With the Olympics now just a month away, campaigners plan to step up their campaign to publicize what they claim is an attempt by global companies to use the games to "greenwash" their reputations.

Last week there was a "guerilla" performance to protest against BP before a staging of Comedy of Errors at the Camden Roundhouse as part of the Cultural Olympiad, while Drop Dow Now protesters staged a "die-in" at the Olympic countdown clock in Trafalgar Square.

Campaigners say the London Organizing Committee of the Olympic and Paralympic Games (Locog) has refused to meet with them to discuss their concerns. The coalition bringing together protest groups campaigning against Olympic sponsors Dow Chemical, BP and Rio Tinto is chaired by Meredith Alexander. She quit as a commissioner for the London 2012 sustainability watchdog over Dow's $100 million deal with the International Olympic Committee (IOC) and its agreement with London organisers to fund the $11 million wrap that will surround the stadium.

Campaigners claim Dow has outstanding liabilities relating to the 1984 Bhopal disaster in India that resulted in the deaths of up to 20,000 people. The IOC, London 2012 organisers and the company argue that Dow bought Union Carbide many years after it divested of its Indian assets and that all claims have been settled by the Indian supreme court.

The three companies have been made the subject of short animated films, with members of the public invited to vote online for the "worst corporate sponsor of the Olympics".

"Rio Tinto is involved in environmental and human rights controversies all over the world, but the pollution is so bad near the mines in Utah where Rio Tinto has extracted the metals for the Olympic medals that local physicians have linked it to premature deaths," said Richard Solly of the London Mining Network. "Trade Union groups from all over the world have also been voting in solidarity with Quebecois workers that Rio Tinto have locked out since last December in a labor dispute."

Earlier this month, it emerged that Rio Tinto had not been subjected to the same audit as other London 2012 sponsors.

Shaun McCarthy, the chairman of the Commission for a Sustainable London 2012 said: "Locog's procedures say there has to be an audit but they allowed this company to slip through the net, they don't have an audit they haven't been certified and yet the metals have been supplied."

All three companies have defended their business practices and say that they are not only investing in the Olympic movement but using their involvement as a springboard for other worthwhile projects.

BP, for example, ran a mentoring scheme for young people and is attempting to offset the carbon of spectators coming to the Games, providing they register their details.

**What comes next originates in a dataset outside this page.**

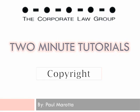Hi, this is Paul Murata. This is another TCLG two-minute tutorial about copyright law, some basics.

Jacques Rogge, the IOC president, this month defended the involvement of the IOC's sponsors, saying they were all subjected to an in-depth audit before they were accepted.

"Before accepting a new company, they are vetted in detail by independent advisers," he said. "We look at the record of the company and in the case of Dow we asked their view on Bhopal. We knew about it and we thought Dow was not responsible."

Asked whether there was anything that made the company unfit to be involved with the Olympic movement, he said: "Nothing that makes them unfit? No, absolutely nothing. Look at BP. They had an oil spill. But they took corrective measures and did everything they had to do."